I had a production issue last month. The monitoring team dumped 200MB of application logs in .json format. Each log entry looked like this:

{"timestamp":"2026-06-04T10:23:11Z","level":"ERROR","service":"auth","message":"Token validation failed","userId":"u_38492","metadata":{"ip":"192.168.1.10","attempt":3}}

My task: extract every failed login attempt by userId, count attempts per user, and output a CSV. Manually? No way. Let me walk through the extraction and transformation techniques I used — and how you can do the same without writing complex scripts.
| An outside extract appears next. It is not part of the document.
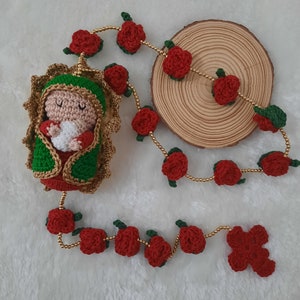 Rosary Our Lady of Guadalupe (red)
Method 1: jq for Command-Line Extraction

The Swiss Army knife for JSON processing is jq. It's a command-line tool that filters, transforms, and reshapes JSON data. If you work with JSON files regularly, install it now.

# Install
brew install jq        # macOS
apt install jq          # Linux
choco install jq        # Windows

Extract specific fields from an array of objects:

cat logs.json | jq '{timestamp, level, message}'

Filter by condition:

# Get only ERROR level entries
cat logs.json | jq 'select(.level == "ERROR")'

# Get failed auth attempts only
cat logs.json | jq 'select(.service == "auth" and .level == "ERROR")'

Transform into a different structure:

cat logs.json | jq '{time: .timestamp, user: .userId, msg: .message}'

Group and count:

cat logs.json | jq -s 'group_by(.userId) | map({userId: .[0].userId, count: length})'

The -s flag (slurp) reads the entire input into an array, then groups by userId and counts.

Method 2: Extract from Deeply Nested JSON

Not all JSON is flat. Sometimes you're dealing with nested structures like API responses:

{
  "status": "ok",
  "data": {
    "products": [
      {
        "id": "p1",
        "details": {
          "name": "Wireless Mouse",
          "specs": {
            "connectivity": "Bluetooth",
            "battery": "AA"
          }
        },
        "pricing": {
          "current": 29.99,
          "original": 39.99
        }
      }
    ]
  }
}

To extract product names and prices from this:

cat products.json | jq '.data.products[] | {name: .details.name, price: .pricing.current}'

Output:

{"name":"Wireless Mouse","price":29.99}

You can output this as CSV directly:

cat products.json | jq -r '.data.products[] | [.details.name, .pricing.current] | @csv'

"Wireless Mouse",29.99

Method 3: Extract from Log Files (.log, .txt, .json)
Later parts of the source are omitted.